Chuck Schummer is right. Once again George Bush is behaving like a Democrat.
At each critical turn in his administration, Bush has turned to his neocon advisors who argue for a bigger and badder government. Bush handled the fallout from the Dotcom bust by giving tax breaks with no decrease in spending (a neocon ideal). Bush turned against the Powell Doctrine and the Constitutional demand to declare war in the invasion of Iraq.
The No Child Left Behind Act has done more to undermine the long held Republican belief in Federalism than perhaps any education policy in history.
Bill Clinton, of course, played the game in the other direction. He surrendered ground on a large number of Democrat issues to maintain power.
Bush is definitely in line with the democratic strategy. The Democrat strategy is to set the ends against the middle.
By creating a special class of mortgage (finance links) holders with a low rate, government secured loans, Bush has just created a situation where the people with the inside connections to get the special loans will be able to force the working poor out of the housing market.
Keeping with the Democratic Theme of playing the ends off the middle, the primary beneficiary of this bailout is the class of extremely rich bankers who have substantially more to lose in the subprime lending bubble than the poor schmuck who could just walk away from a bad debt a little poorer, but wiser. The platitudes of power politics bubble about all the empowered elite do to help the poor. Oddly, the actions seem to do more to secure the positions of the empowered elite.

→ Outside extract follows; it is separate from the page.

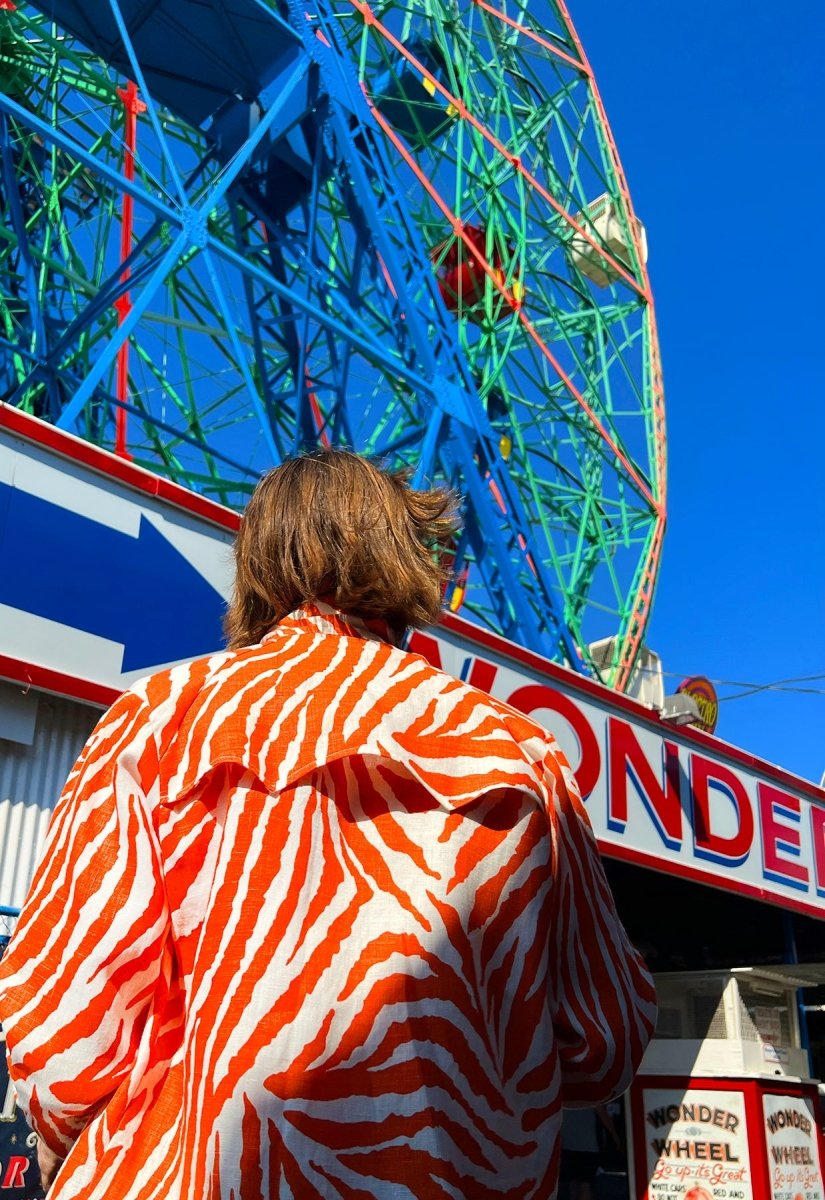 "Zebra Without a Cause" Linen Jacket - Orange Stripe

BTW, the secret to pulling people out of poverty isn't in giving people more loans, or securing loans, or in regulating interest rates on loans. The secret to pulling people out of poverty is to create a financial structure that helps people build wealth.
Schumer is completely right. This program that helps preserve the financial fortunes of a wealthy banking class by creating a special class of mortgages is very Democratic. It is so very Democratic.